* What the task requires
Of the records that follow, copy only the lines from the line containing "Vivo S1 just" to the line containing "2003 Mercedes - Benz C240", both included, exactly as written.

* Data under study
%%

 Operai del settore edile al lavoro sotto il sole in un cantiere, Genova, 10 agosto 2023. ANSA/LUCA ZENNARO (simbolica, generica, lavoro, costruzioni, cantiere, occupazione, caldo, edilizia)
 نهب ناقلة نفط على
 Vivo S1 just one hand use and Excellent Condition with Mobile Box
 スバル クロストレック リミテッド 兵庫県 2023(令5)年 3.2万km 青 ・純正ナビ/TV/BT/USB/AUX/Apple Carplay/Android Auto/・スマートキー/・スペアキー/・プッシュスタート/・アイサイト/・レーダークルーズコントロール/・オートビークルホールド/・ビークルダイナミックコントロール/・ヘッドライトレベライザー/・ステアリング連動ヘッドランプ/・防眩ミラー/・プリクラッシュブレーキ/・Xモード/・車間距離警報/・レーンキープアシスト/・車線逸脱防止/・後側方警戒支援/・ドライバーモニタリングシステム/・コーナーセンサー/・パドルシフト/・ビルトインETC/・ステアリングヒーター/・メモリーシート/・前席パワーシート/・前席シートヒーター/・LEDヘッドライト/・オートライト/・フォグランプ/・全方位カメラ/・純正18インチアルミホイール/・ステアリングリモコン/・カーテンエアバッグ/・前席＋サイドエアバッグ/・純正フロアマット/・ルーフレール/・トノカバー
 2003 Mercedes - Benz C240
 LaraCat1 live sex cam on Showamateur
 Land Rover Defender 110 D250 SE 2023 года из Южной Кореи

%%
%%

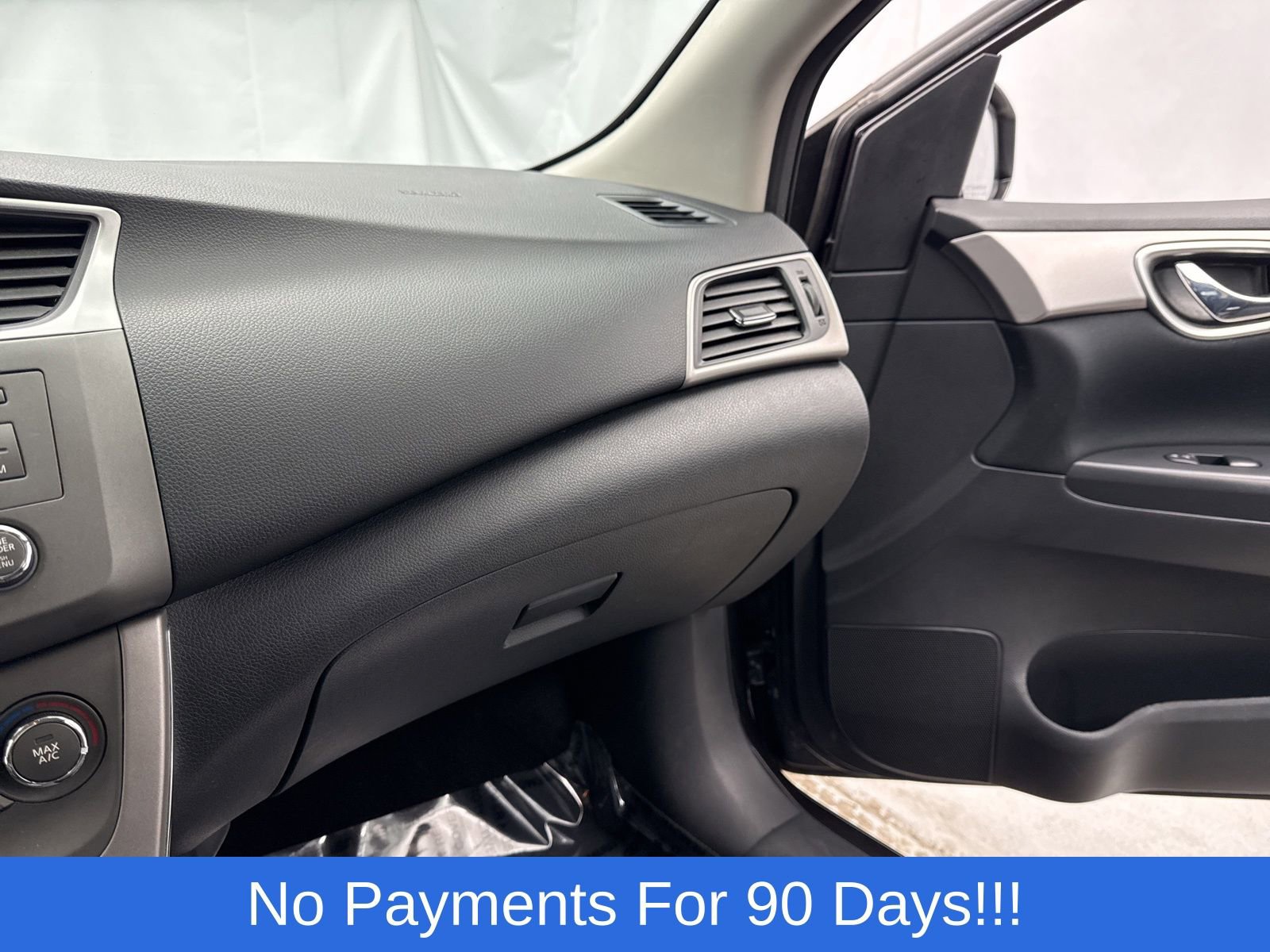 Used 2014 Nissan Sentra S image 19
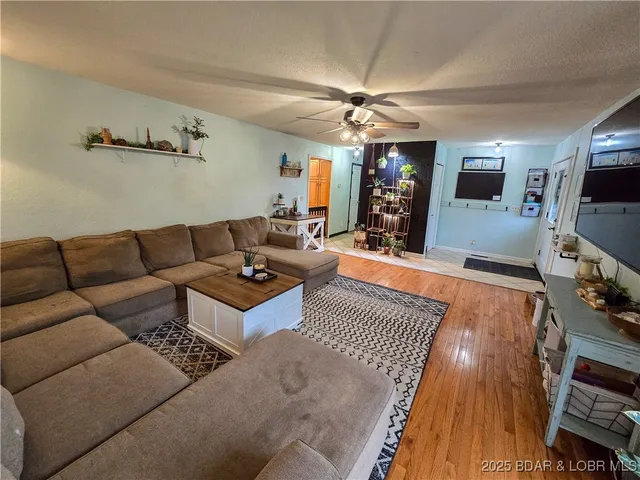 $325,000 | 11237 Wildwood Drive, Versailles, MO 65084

%%

* Your response
 Vivo S1 just one hand use and Excellent Condition with Mobile Box
 スバル クロストレック リミテッド 兵庫県 2023(令5)年 3.2万km 青 ・純正ナビ/TV/BT/USB/AUX/Apple Carplay/Android Auto/・スマートキー/・スペアキー/・プッシュスタート/・アイサイト/・レーダークルーズコントロール/・オートビークルホールド/・ビークルダイナミックコントロール/・ヘッドライトレベライザー/・ステアリング連動ヘッドランプ/・防眩ミラー/・プリクラッシュブレーキ/・Xモード/・車間距離警報/・レーンキープアシスト/・車線逸脱防止/・後側方警戒支援/・ドライバーモニタリングシステム/・コーナーセンサー/・パドルシフト/・ビルトインETC/・ステアリングヒーター/・メモリーシート/・前席パワーシート/・前席シートヒーター/・LEDヘッドライト/・オートライト/・フォグランプ/・全方位カメラ/・純正18インチアルミホイール/・ステアリングリモコン/・カーテンエアバッグ/・前席＋サイドエアバッグ/・純正フロアマット/・ルーフレール/・トノカバー
 2003 Mercedes - Benz C240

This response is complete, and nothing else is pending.